__Exercise__. Write out the lines of the material below exactly, beginning at the line with "Here are the" and stopping after the line with "Polka - Dots", and leave out the pictures.

__Data extracts__.
———

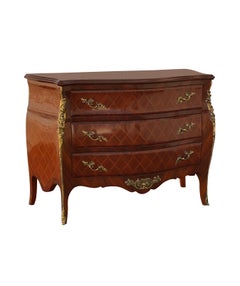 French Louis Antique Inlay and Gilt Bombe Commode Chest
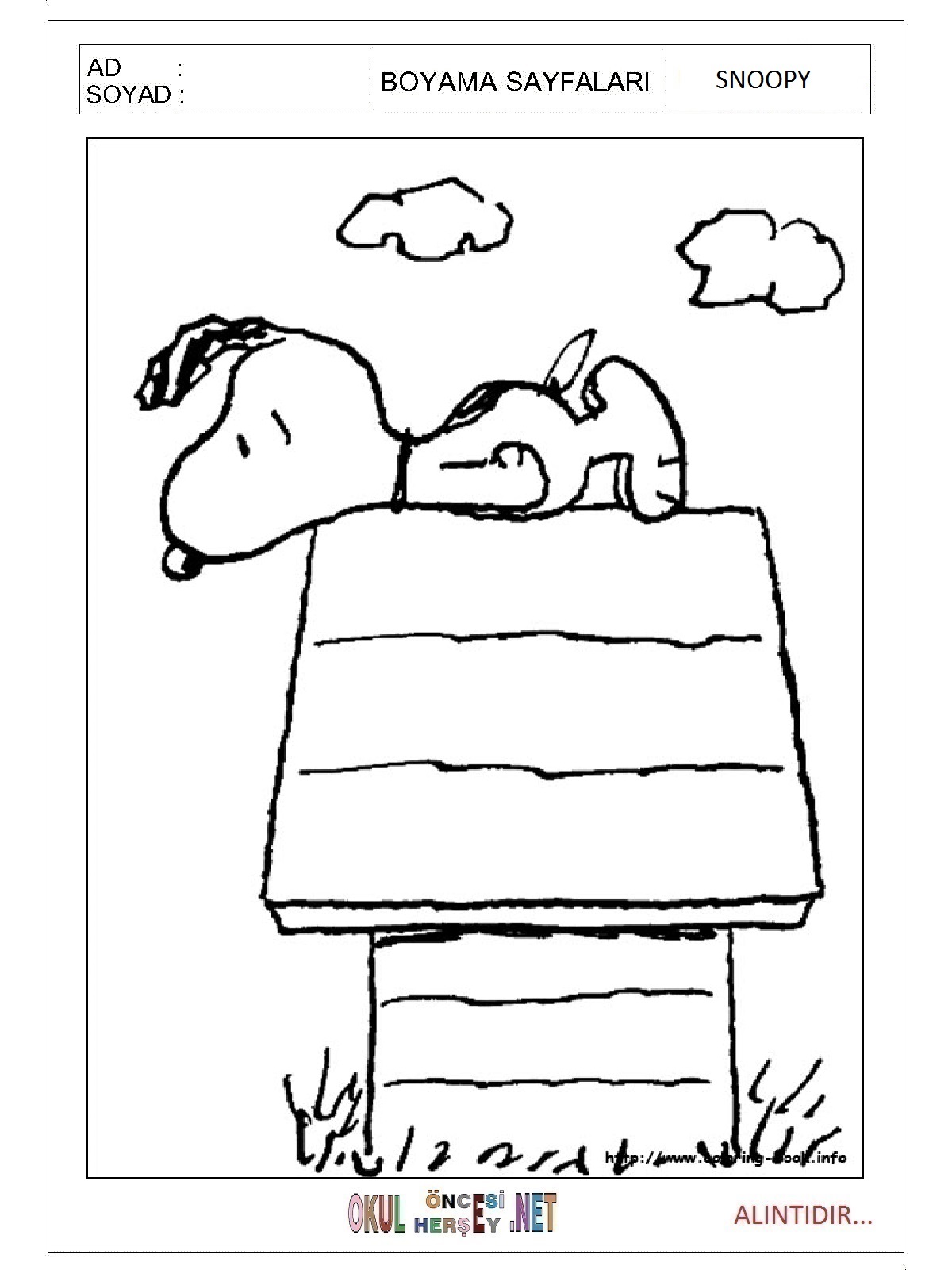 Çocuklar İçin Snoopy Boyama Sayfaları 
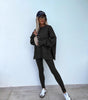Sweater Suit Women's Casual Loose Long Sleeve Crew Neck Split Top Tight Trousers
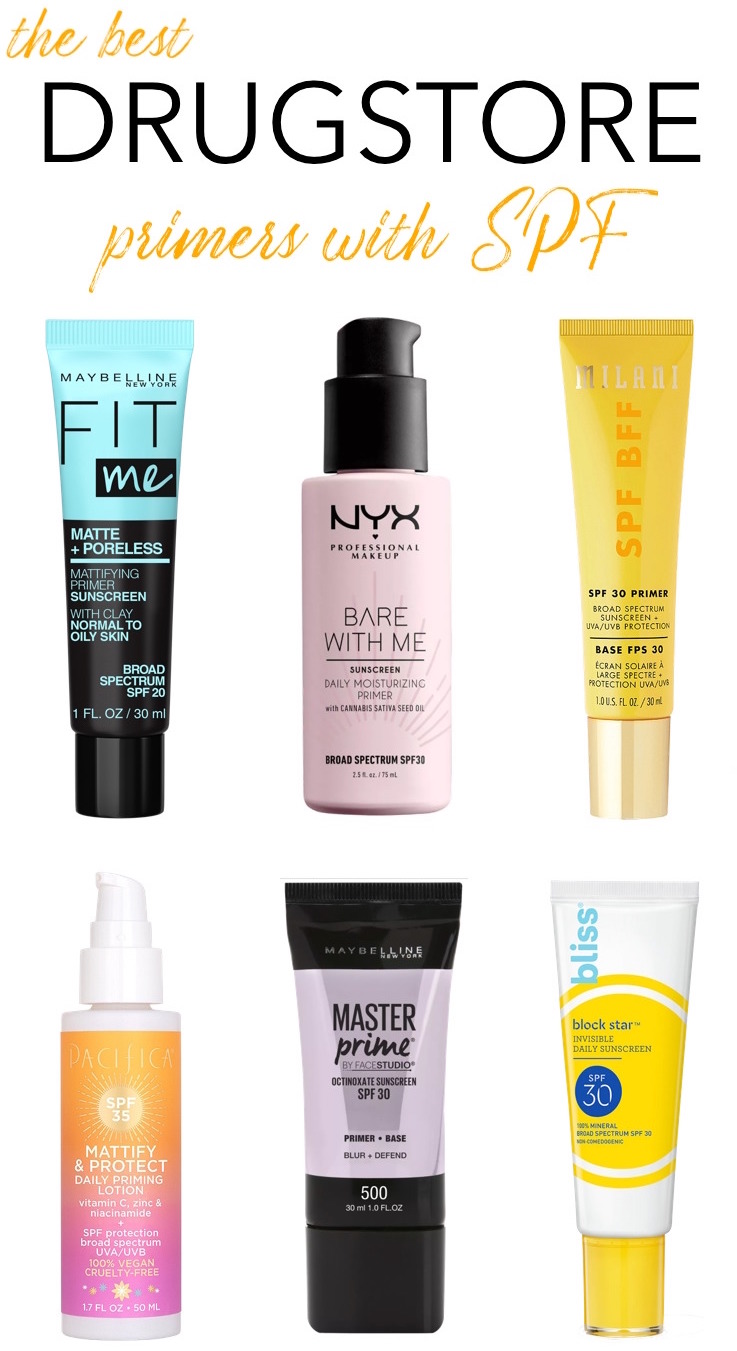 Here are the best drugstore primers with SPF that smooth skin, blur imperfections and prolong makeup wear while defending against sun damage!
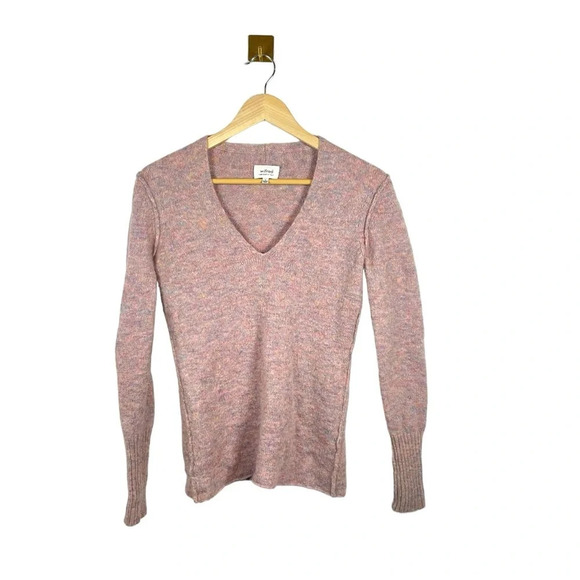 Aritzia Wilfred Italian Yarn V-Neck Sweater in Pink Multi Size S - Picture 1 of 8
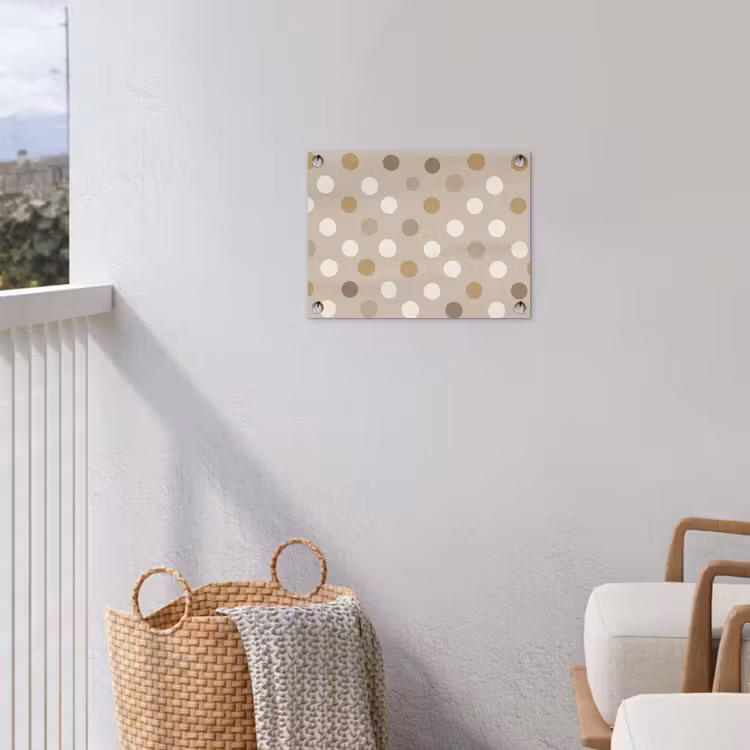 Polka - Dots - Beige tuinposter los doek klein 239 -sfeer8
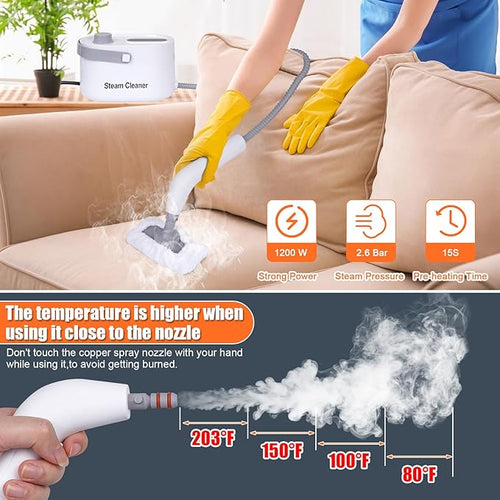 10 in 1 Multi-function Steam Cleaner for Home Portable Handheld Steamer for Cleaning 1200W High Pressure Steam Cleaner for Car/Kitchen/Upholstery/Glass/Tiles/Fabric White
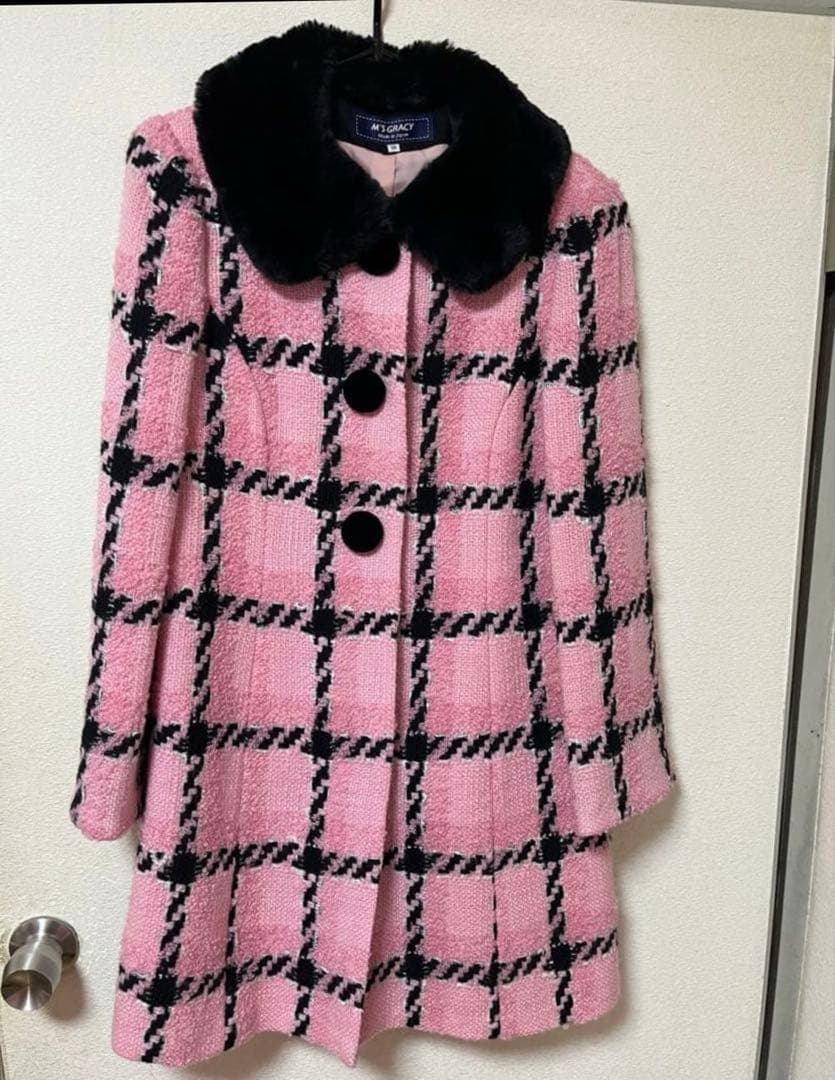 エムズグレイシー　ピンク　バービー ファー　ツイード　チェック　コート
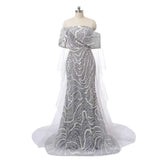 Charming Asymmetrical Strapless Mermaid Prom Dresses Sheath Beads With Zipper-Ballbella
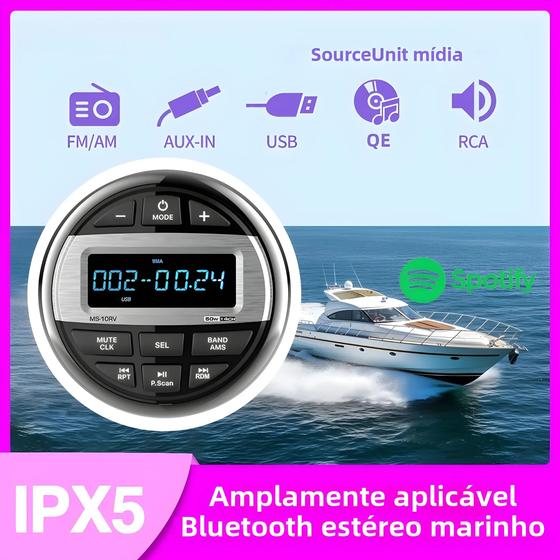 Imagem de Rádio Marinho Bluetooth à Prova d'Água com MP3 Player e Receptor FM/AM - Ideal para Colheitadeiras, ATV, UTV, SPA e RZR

———

__Response below__.
 Here are the best drugstore primers with SPF that smooth skin, blur imperfections and prolong makeup wear while defending against sun damage!
 Aritzia Wilfred Italian Yarn V-Neck Sweater in Pink Multi Size S - Picture 1 of 8
 Polka - Dots - Beige tuinposter los doek klein 239 -sfeer8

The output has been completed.